[[ Given information, beginning ]]

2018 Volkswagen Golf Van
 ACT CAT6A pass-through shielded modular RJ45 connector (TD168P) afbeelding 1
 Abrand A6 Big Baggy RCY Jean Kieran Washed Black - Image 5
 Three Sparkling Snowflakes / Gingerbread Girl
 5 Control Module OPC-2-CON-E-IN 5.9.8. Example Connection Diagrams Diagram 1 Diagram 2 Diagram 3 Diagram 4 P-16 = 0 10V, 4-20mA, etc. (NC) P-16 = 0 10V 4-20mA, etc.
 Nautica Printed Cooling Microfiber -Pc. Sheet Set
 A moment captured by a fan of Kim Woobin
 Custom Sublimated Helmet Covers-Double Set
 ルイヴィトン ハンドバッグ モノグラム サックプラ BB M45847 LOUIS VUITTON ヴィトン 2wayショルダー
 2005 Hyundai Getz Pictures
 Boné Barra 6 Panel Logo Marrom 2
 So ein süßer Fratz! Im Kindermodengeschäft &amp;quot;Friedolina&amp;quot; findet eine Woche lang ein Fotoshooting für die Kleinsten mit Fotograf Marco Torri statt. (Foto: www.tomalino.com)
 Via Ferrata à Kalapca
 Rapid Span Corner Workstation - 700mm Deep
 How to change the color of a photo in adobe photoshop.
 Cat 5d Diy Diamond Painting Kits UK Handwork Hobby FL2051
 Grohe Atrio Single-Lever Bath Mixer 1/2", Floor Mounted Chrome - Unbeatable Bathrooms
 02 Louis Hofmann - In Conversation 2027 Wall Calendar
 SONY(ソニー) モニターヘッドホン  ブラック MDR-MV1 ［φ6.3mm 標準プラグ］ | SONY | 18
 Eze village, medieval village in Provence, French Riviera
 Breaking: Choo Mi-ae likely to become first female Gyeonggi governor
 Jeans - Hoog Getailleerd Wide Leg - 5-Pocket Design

[[ Given information, end ]]

**Assignment**
Exact repetition is required: return every record shown above.

**Result below**
2018 Volkswagen Golf Van
 ACT CAT6A pass-through shielded modular RJ45 connector (TD168P) afbeelding 1
 Abrand A6 Big Baggy RCY Jean Kieran Washed Black - Image 5
 Three Sparkling Snowflakes / Gingerbread Girl
 5 Control Module OPC-2-CON-E-IN 5.9.8. Example Connection Diagrams Diagram 1 Diagram 2 Diagram 3 Diagram 4 P-16 = 0 10V, 4-20mA, etc. (NC) P-16 = 0 10V 4-20mA, etc.
 Nautica Printed Cooling Microfiber -Pc. Sheet Set
 A moment captured by a fan of Kim Woobin
 Custom Sublimated Helmet Covers-Double Set
 ルイヴィトン ハンドバッグ モノグラム サックプラ BB M45847 LOUIS VUITTON ヴィトン 2wayショルダー
 2005 Hyundai Getz Pictures
 Boné Barra 6 Panel Logo Marrom 2
 So ein süßer Fratz! Im Kindermodengeschäft &amp;quot;Friedolina&amp;quot; findet eine Woche lang ein Fotoshooting für die Kleinsten mit Fotograf Marco Torri statt. (Foto: www.tomalino.com)
 Via Ferrata à Kalapca
 Rapid Span Corner Workstation - 700mm Deep
 How to change the color of a photo in adobe photoshop.
 Cat 5d Diy Diamond Painting Kits UK Handwork Hobby FL2051
 Grohe Atrio Single-Lever Bath Mixer 1/2", Floor Mounted Chrome - Unbeatable Bathrooms
 02 Louis Hofmann - In Conversation 2027 Wall Calendar
 SONY(ソニー) モニターヘッドホン  ブラック MDR-MV1 ［φ6.3mm 標準プラグ］ | SONY | 18
 Eze village, medieval village in Provence, French Riviera
 Breaking: Choo Mi-ae likely to become first female Gyeonggi governor
 Jeans - Hoog Getailleerd Wide Leg - 5-Pocket Design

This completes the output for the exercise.